◆ **WHAT IS EXPECTED**:
Pictures stay out of the copy. Retype exactly the lines below from the one with "明年有多少錢可以進股市" through the one with "O O Consider".

◆ **PROVIDED MATERIAL**:
▼

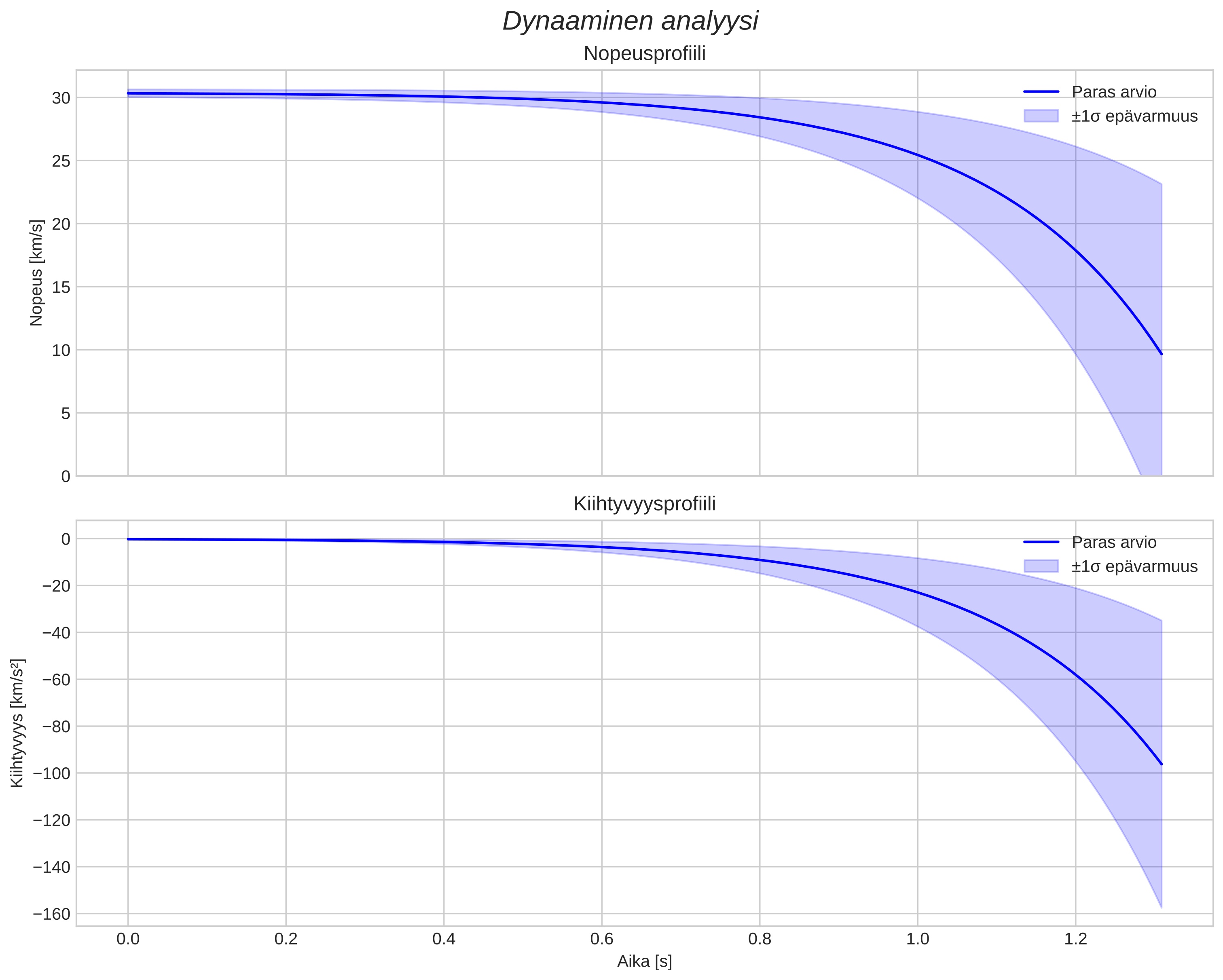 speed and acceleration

▲
▼

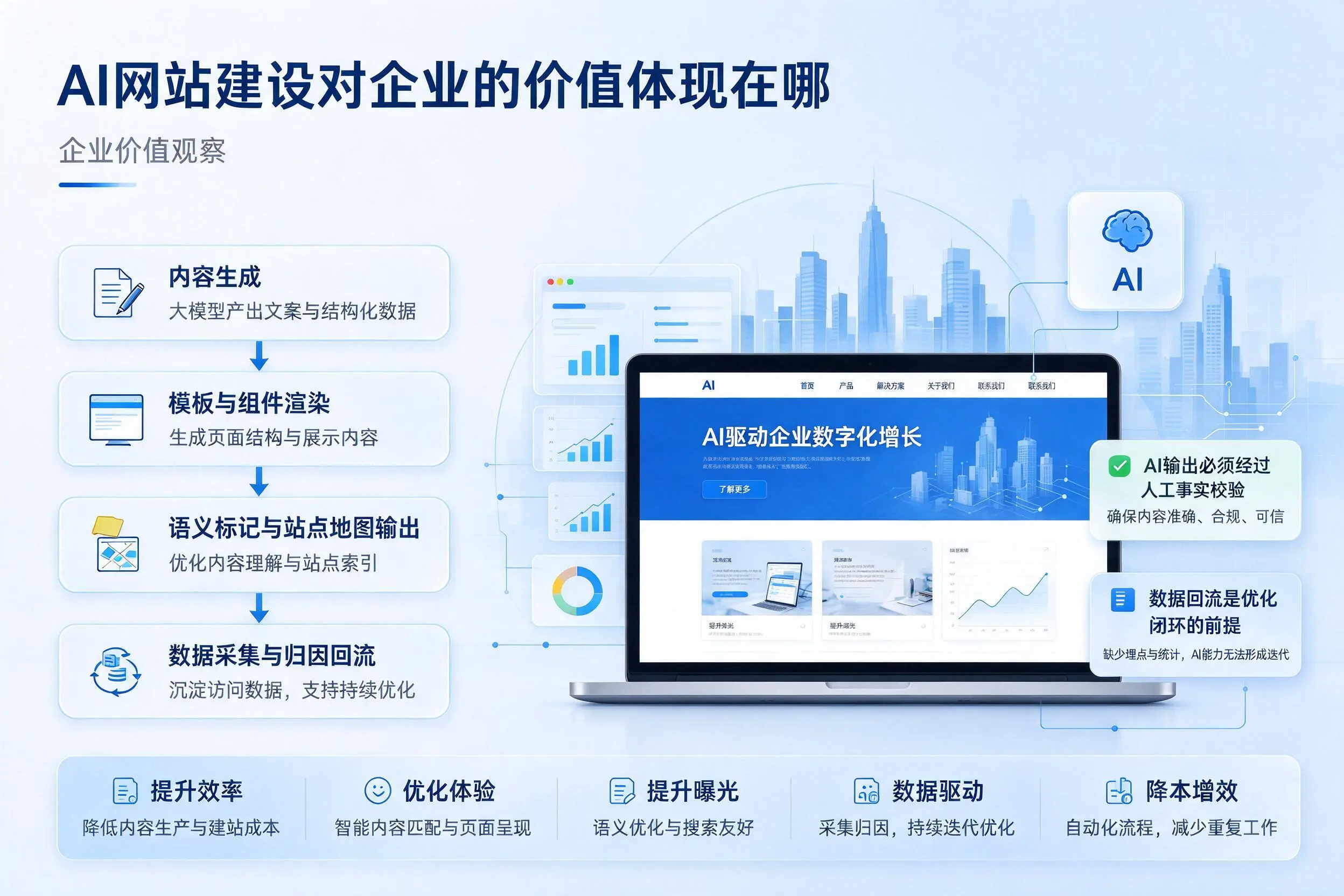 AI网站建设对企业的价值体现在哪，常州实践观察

▲
▼

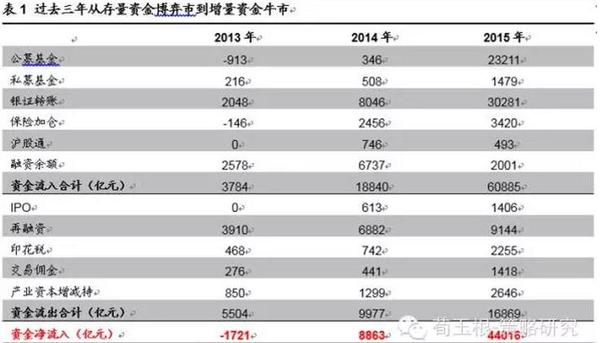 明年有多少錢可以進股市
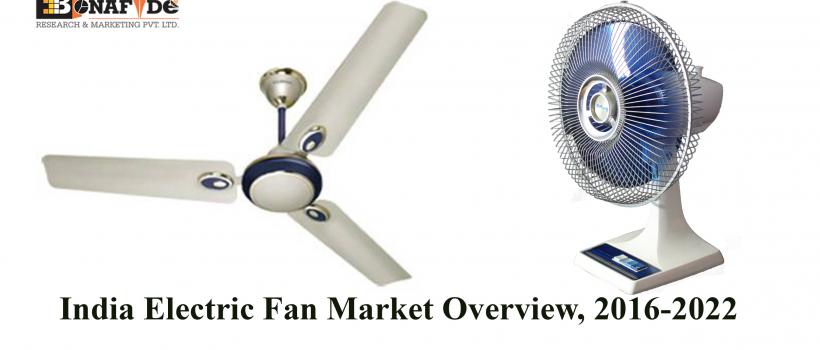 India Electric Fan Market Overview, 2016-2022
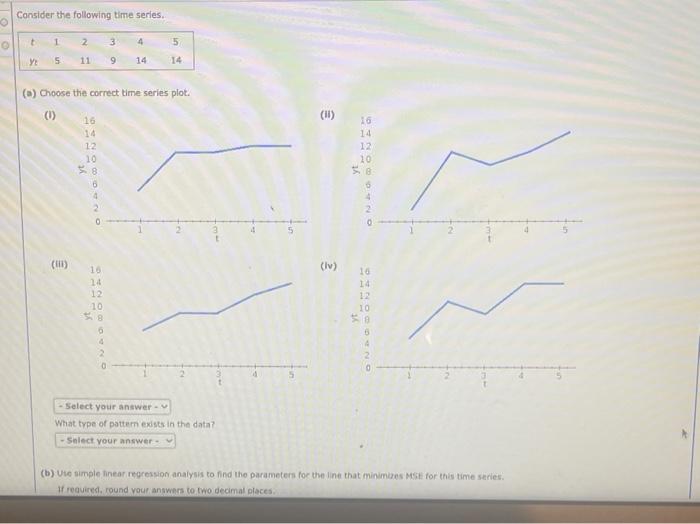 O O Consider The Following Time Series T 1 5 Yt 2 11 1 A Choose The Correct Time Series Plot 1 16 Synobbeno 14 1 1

▲

◆ **ANSWER TO THE EXERCISE**:
 明年有多少錢可以進股市
 India Electric Fan Market Overview, 2016-2022
 O O Consider The Following Time Series T 1 5 Yt 2 11 1 A Choose The Correct Time Series Plot 1 16 Synobbeno 14 1 1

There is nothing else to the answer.